City resources respond to fires throughout the State.
City wildland fire engines are first due to State areas east of the city limits.
City engines protect homes from encroaching wildland fires.
OES Engine 297 is assigned to Chico Fire Station 6.
OES Engine 294 is assigned to County Fire Station 44 on Fair Street.
City aerial ladder trucks respond to county commercial structure fires.
A CDF dozer responds to high level vegetation fires in the east side of the city.
CDF wildland engines respond to vegetation fires along the eastern edge of the city including Bidwell Park.
Mutual Aid
The State Master Mutual Aid Agreement, signed by Butte County and the five cities, establishes a framework that allows agencies to share resources when they have exhausted their own. The giving of mutual aid is voluntary with the decision normally based on the ability of the giving agency to maintain reasonable protection of its own jurisdiction. Most agencies provide short-term mutual aid for free so that they will receive it in the same way when they inevitably have a major emergency. It is the normal practice that mutual aid resources are released from an emergency before the resources of the jurisdictional agency. Resources from the farthest away are usually released first. Federal firefighting resources are not a part of the California Master Mutual Aid Agreement.
Mutual aid may be managed bilaterally between agencies with contiguous boundaries where individual agreements may apply or through the Fire & Rescue Mutual Aid System. At the local level, the chiefs of the fire departments in each county elect an Operational Area Fire & Rescue Coordinator every three years. There is usually also an Alternate Coordinator who fills the role of Coordinator in that person's absence. The dispatch center of the Coordinator is normally designated to administer mutual aid requests within the county or from outside. Currently in Butte County the Coordinator is Chief George Morris of CDF/Butte County Fire Rescue and the Alternate is Chief James Beery of Chico Fire.
The four primary functions of the Operational Area Coordinator are:
- Working with the other Fire Chiefs, establish policies and procedures that guide mutual aid within the county.
- Provide fire and rescue mutual aid resources from within the county to an in-county agency that has exhausted its own resources.
- Request mutual aid resources from the Regional Fire & Rescue Coordinator when mutual aid within the county is insufficient to meet the need of an in-county requesting agency.

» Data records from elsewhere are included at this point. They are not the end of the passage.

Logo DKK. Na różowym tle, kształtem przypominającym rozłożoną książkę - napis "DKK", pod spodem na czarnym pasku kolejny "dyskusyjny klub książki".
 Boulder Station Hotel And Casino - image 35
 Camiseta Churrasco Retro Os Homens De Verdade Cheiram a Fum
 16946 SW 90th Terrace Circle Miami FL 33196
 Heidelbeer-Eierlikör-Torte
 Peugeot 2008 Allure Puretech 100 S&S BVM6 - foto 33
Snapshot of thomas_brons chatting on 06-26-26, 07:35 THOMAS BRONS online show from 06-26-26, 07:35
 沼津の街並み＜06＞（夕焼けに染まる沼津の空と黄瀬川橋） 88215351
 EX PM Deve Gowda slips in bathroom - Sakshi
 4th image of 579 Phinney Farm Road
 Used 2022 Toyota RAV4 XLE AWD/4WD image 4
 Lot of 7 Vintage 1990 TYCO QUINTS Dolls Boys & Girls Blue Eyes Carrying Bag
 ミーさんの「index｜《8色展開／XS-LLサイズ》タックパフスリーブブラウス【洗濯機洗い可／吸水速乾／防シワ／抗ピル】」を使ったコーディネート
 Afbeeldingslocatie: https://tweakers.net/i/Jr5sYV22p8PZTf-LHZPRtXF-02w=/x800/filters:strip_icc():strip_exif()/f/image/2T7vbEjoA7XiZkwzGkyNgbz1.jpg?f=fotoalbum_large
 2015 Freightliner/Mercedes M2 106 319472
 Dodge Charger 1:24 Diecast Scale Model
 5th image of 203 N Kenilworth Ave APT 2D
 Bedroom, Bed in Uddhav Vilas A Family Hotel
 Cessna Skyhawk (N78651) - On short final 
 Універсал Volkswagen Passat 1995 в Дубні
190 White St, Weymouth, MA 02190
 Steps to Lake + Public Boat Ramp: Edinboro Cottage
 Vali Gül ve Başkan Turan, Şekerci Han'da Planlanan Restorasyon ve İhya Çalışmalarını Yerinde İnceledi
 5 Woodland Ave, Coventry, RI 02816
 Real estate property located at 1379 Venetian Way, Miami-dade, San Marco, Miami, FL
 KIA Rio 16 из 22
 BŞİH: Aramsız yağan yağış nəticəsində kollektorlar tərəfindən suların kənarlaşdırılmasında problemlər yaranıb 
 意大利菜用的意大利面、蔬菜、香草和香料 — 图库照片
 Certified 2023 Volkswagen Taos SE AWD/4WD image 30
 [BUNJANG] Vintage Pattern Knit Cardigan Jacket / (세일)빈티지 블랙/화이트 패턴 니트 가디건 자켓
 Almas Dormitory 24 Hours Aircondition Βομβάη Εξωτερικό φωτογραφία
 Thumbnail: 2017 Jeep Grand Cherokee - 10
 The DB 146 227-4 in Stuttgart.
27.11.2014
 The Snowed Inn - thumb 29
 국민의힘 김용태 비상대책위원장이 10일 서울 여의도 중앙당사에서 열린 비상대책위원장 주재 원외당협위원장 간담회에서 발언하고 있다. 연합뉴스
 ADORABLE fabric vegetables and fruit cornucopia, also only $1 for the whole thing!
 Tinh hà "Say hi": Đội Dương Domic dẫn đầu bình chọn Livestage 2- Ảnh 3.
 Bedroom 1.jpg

- Provide mutual aid resources to agencies outside the county at the request of the Regional Fire & Rescue Coordinator.
The state is divided into six Fire & Rescue Regions. The Area Coordinators elect the Region Coordinator. Butte County is part of OES Region III which encompasses the 13 counties of northeastern California from Sutter, Yuba, and Sierra Counties to the Oregon and Nevada borders.
Free mutual aid is usually less than 12 hours duration, but may occasionally last longer. In some cases, such as disaster declarations, the state or federal government may subsequently pay for actual expenses in whole or in part.
California Office of Emergency Services fire engines are requested through the Mutual Aid Sysytem, but are under the terms of bilateral agreements between the assignee and the state. There are two OES engines assigned within Butte County. OES 294 is assigned to County Fire Station 44 in South Chico and Engine 297 is assigned to Chico Fire Station 6 in West Chico. There are 105 OES engines and 12 OES water tenders assigned throughout the state.
The Chico Urban Area Fire and Rescue Agreement (CUAFRA)
The Board of Supervisors and the Chico City Council unanimously entered into CUAFRA in June of 1999.
The key components of the Agreement are:
- Closest engine response to all emergencies within the service area (click to see map)
- Sharing of specialized emergency resources such as aerial ladder trucks, fire bulldozers, water tenders, wildland fire engines, and volunteer firefighters.
- Staffing of City Fire Station 6 on the west side of the railroad tracks at Highway 32 and W. East Avenue.
- Establishment of ideal future City and County fire station locations for the northwest corner of the county that avoids facility and staffing duplication.
- Guidelines for a logical transition of the Urban Area from county to city fire protection, as station first due areas become majority-incorporated population.
An Operational Letter of Understanding approved by the Fire Chiefs, City Manager and Chief Administrative Officer guides daily functioning of the Agreement.